That should be pretty secure. Whoever gets the last block has the opportunity to do 1-3 "re-rolls" if he is really lucky. I'd hash the final hash a few trillion times just to be safe.

Some potential problems:
- It's possible that no blocks will be solved in an hour. It's happened before.
- The block time can go past 0:00, then go before 0:00 in the next block, and then go forward again. Which time is used?

Also, it's possible that a series of blocks are replaced by other blocks if the network is segmented or there is an attack going on. The blocks used to calculate the winner could be replaced after the funds are awarded. To make this less likely, you should wait at least 120 blocks after the blocks are solved before awarding anything. Reversals of that size will only happen in response to major events that you will almost certainly hear about.

[bitlotto]

That should be pretty secure. Whoever gets the last block has the opportunity to do 1-3 "re-rolls" if he is really lucky. I'd hash the final hash a few trillion times just to be safe.

Some potential problems:
- It's possible that no blocks will be solved in an hour. It's happened before.
- The block time can go past 0:00, then go before 0:00 in the next block, and then go forward again. Which time is used?

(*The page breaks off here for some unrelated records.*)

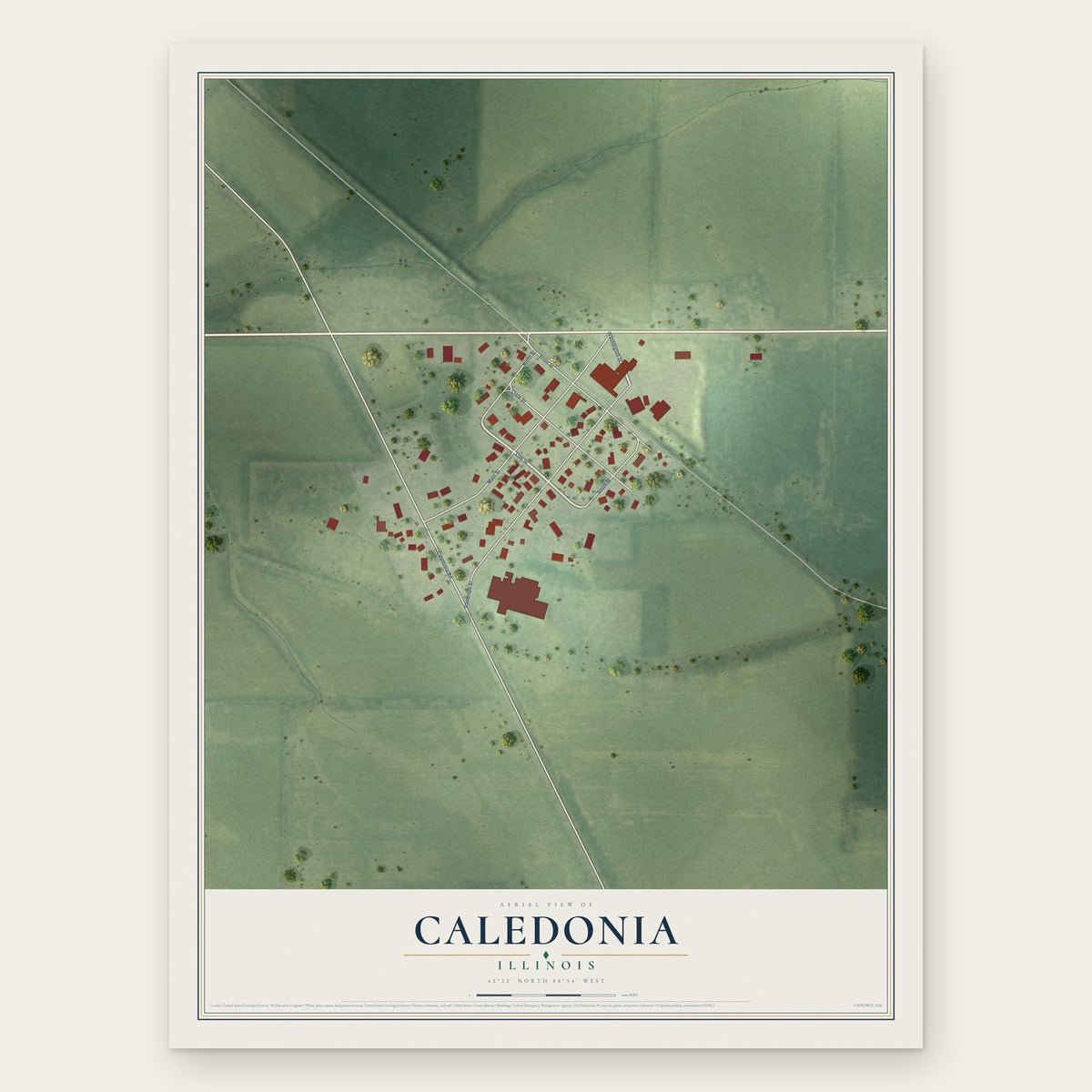 Caledonia, Illinois map print, the full design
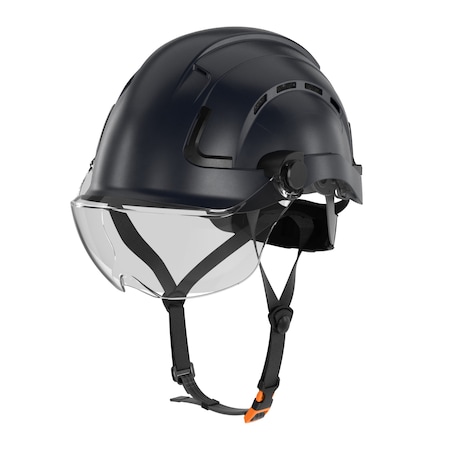 Defender Safety H2-CH Safety Helmet w/ Clear Visor - Type 2 Class C, ANSI Z89 and EN12492 rated, Black H2-CH-06V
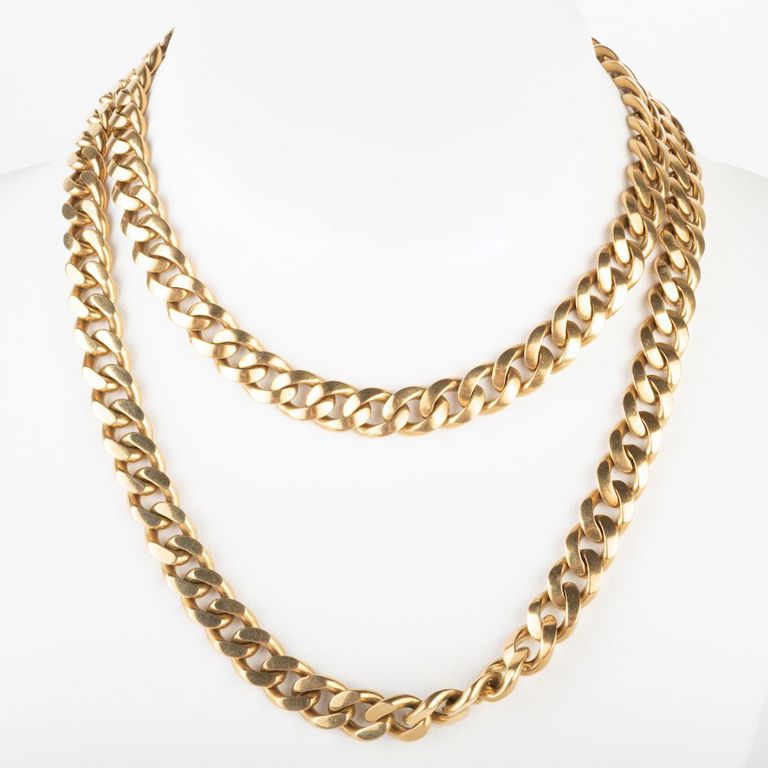 18k Gold Long Cuban Link Chain Necklace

Also, it's possible that a series of blocks are replaced by other blocks if the network is segmented or there is an attack going on. The blocks used to calculate the winner could be replaced after the funds are awarded. To make this less likely, you should wait at least 120 blocks after the blocks are solved before awarding anything. Reversals of that size will only happen in response to major events that you will almost certainly hear about.

Once a block is 'in the system' the time is set though right? I could just use the first block whose time is after 00 (ignore that one in case manipulated) and use the next one as 'Block 1'.
Waiting till 120 after is a good idea. I guess I could add the rule that at least 4 blocks in the hour are needed or add another hour. Man, this is tricky. Thanks for your help. When the coins come in I have a few with your name on it!

[theymos]

Once a block is 'in the system' the time is set though right?

Yes.

[bitlotto]

Idea #5245, first block that has a time after 00 sets the system going. The next 3 blocks hashes are used. Look at the next few blocks at the last digit. Keep track of the last digit. Use the next blocks until a 'letter' appears at the end and 'number' appear at the end. Once it does, add all the blocks hashes together, hash it to get a final hash for the draw. That should be pretty hard to fake....I think...